Further, Obama is now warring on domestic production of energy plants using coal - and I seriously doubt this administration will consider any sort of expanded domestic oil production. Oil costs are low now. That said, the pendulum will, as it always does, swing. The massive markets for oil in China and India will again take hold. When it does, we will be even less prepared for the huge jump in oil and gas costs then when we were a year ago, when merely $4 a gallon for gas was putting a world of hurt on American families. Obama, despite his promises to the contrary during the campaign, is doing nothing to prepare us for this inevitability.

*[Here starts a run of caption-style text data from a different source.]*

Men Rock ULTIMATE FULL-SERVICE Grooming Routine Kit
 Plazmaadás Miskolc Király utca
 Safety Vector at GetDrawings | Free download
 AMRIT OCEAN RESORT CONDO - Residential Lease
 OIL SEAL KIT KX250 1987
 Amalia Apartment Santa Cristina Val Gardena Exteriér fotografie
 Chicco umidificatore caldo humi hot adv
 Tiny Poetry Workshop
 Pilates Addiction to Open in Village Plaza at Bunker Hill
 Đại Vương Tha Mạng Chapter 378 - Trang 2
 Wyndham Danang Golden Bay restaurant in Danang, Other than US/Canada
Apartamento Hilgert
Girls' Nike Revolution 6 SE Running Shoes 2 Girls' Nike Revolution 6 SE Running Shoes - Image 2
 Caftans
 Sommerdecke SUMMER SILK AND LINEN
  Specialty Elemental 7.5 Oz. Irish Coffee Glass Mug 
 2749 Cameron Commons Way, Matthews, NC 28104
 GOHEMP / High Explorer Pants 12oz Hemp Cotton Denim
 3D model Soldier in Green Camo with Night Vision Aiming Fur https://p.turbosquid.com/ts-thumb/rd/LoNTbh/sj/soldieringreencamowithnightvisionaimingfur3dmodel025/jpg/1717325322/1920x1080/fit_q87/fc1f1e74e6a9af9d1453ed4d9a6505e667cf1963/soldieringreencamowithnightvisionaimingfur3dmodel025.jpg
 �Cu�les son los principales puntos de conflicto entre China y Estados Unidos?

We are in a mess and the left, having primed the nation with class envy and then convinced a majority that they could improve the economy, are now spending us into penury for generations to come. Obama - who in fact himself bears some personal responsiblity for our current financial crisis through his strong arming of Chicago banks on behalf of ACORN - is nothing if not an opportunist. He and his like minded cronies are using the economic crisis to work a fundamental change to our nation. We are on the road to European socialism. I wonder if we will even stop there between now and 2012? Or will we run past that line following the rainbow to Utopia?









3 comments:

Ex-Dissident said...

You, know the crazy notion of leaving the union may start to look more and more attractive by the end of this year.

suek said...

I've added this blog to my reading list. His position is that much of this economic mess was brought on by frankly illegal actions, which have not been investigated or prosecuted (latest being the BofA forced buy of Merrill Lynch.) Oddly enough, he apparently voted for Obama (I don't know what his rationale was - I wasn't reading his blog at that time) but has definitely reconsidered. He writes in a very readable style. I only read the main page, but it appears that the blog is much more extensive. I don't have the background to benefit by much of it, I'm afraid. I'm trying to learn, but would rather not be tossed into the deep end right off the bat...!

http://market-ticker.denninger.net/

GW said...

Ready to start an insurrection Vinny?

Thanks for the link Suek. Will give this blog a read.